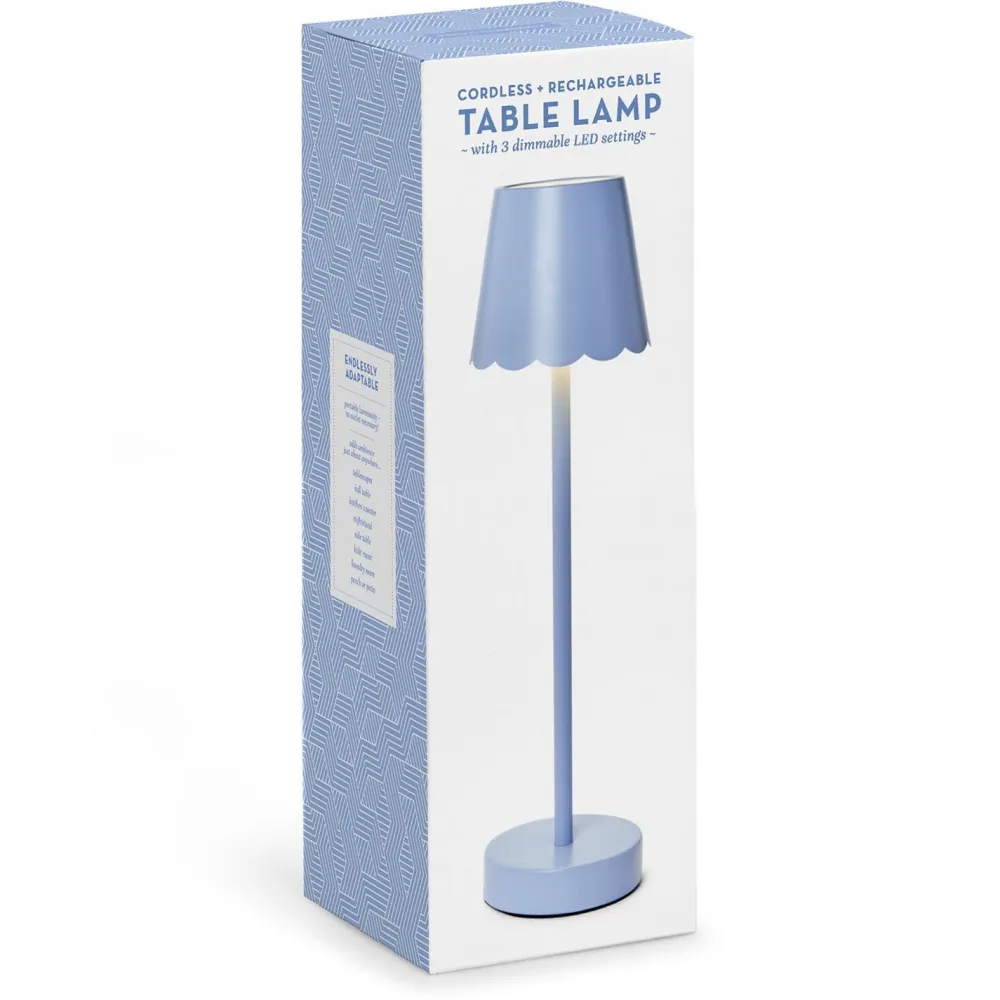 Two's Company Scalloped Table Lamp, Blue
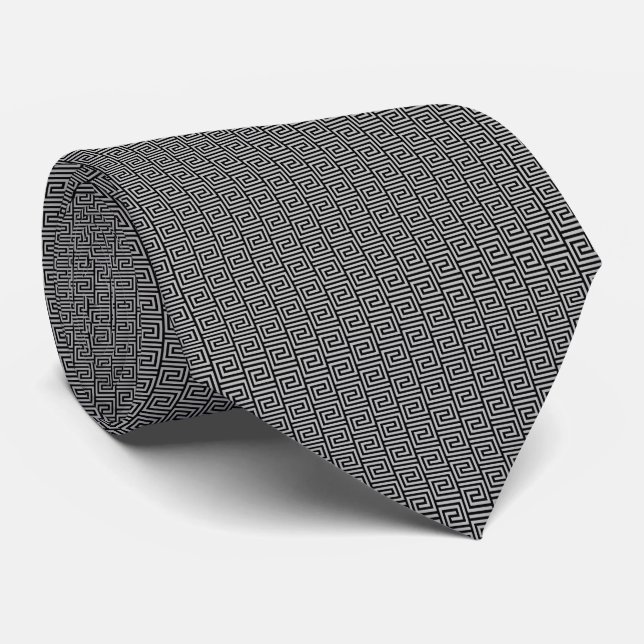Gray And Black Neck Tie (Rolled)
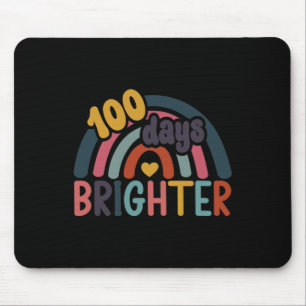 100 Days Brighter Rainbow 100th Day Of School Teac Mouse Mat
——————————
Exercise:
Except for the pictures, print the data above exactly.

Reply:
 Two's Company Scalloped Table Lamp, Blue
Gray And Black Neck Tie (Rolled)
 100 Days Brighter Rainbow 100th Day Of School Teac Mouse Mat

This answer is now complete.